Department of Psychology and Center for Brain Science, Harvard University, Cambridge, MA 02138, USA; Center for Brains, Minds, and Machines, Massachusetts Institute of Technology, Cambridge, MA 02139, USA; Motional AD, Inc., Boston, MA 02210, USA.
Department of Brain and Cognitive Sciences, Massachusetts Institute of Technology, Cambridge, MA 02139, USA; Center for Brains, Minds, and Machines, Massachusetts Institute of Technology, Cambridge, MA 02139, USA.
Neuron. 2023 Apr 19;111(8):1331-1344.e8. doi: 10.1016/j.neuron.2023.01.023. Epub 2023 Mar 9.

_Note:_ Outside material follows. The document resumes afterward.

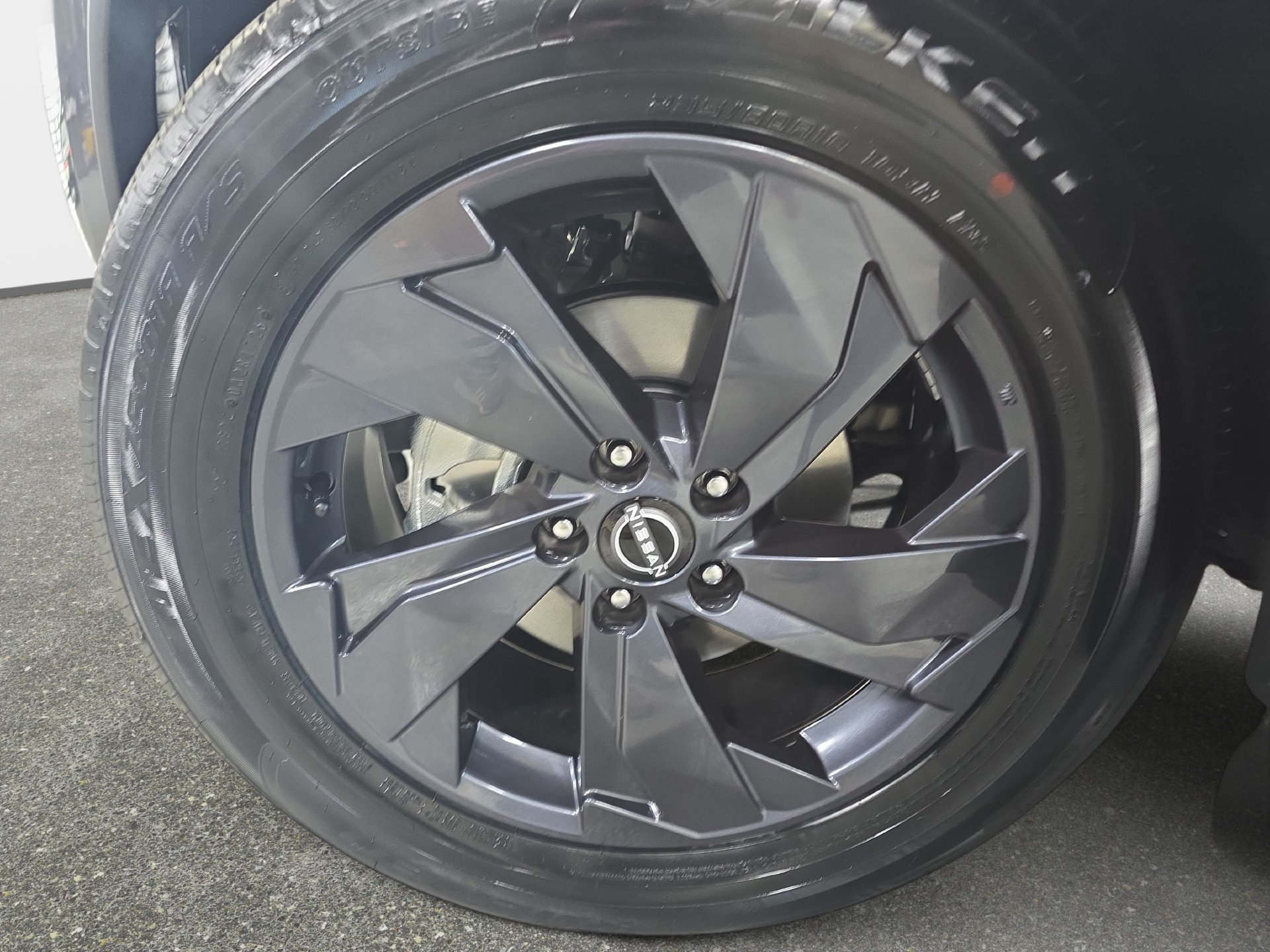 New 2026 Nissan Rogue SV FWD image 32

Humans learn internal models of the world that support planning and generalization in complex environments. Yet it remains unclear how such internal models are represented and learned in the brain. We approach this question using theory-based reinforcement learning, a strong form of model-based reinforcement learning in which the model is a kind of intuitive theory. We analyzed fMRI data from human participants learning to play Atari-style games. We found evidence of theory representations in prefrontal cortex and of theory updating in prefrontal cortex, occipital cortex, and fusiform gyrus. Theory updates coincided with transient strengthening of theory representations. Effective connectivity during theory updating suggests that information flows from prefrontal theory-coding regions to posterior theory-updating regions. Together, our results are consistent with a neural architecture in which top-down theory representations originating in prefrontal regions shape sensory predictions in visual areas, where factored theory prediction errors are computed and trigger bottom-up updates of the theory.
人类学习内部的世界模型,以支持在复杂环境中的规划和泛化。然而,目前尚不清楚大脑中是如何表示和学习这些内部模型的。我们使用基于理论的强化学习来解决这个问题,这是一种强有力的基于模型的强化学习形式,其中模型是一种直观的理论。我们分析了人类参与者学习玩 Atari 风格游戏的 fMRI 数据。我们在额皮质和枕叶皮质以及梭状回中发现了理论表示的证据,以及在额皮质、枕叶皮质和梭状回中发现了理论更新的证据。理论更新与理论表示的短暂增强同时发生。理论更新期间的有效连通性表明,信息从额皮质的理论编码区域流向后部的理论更新区域。总的来说,我们的结果与一种神经架构一致,即源自额皮质区域的自上而下的理论表示塑造了视觉区域的感觉预测,在这些区域中计算了因子化的理论预测误差,并触发了理论的自下而上更新。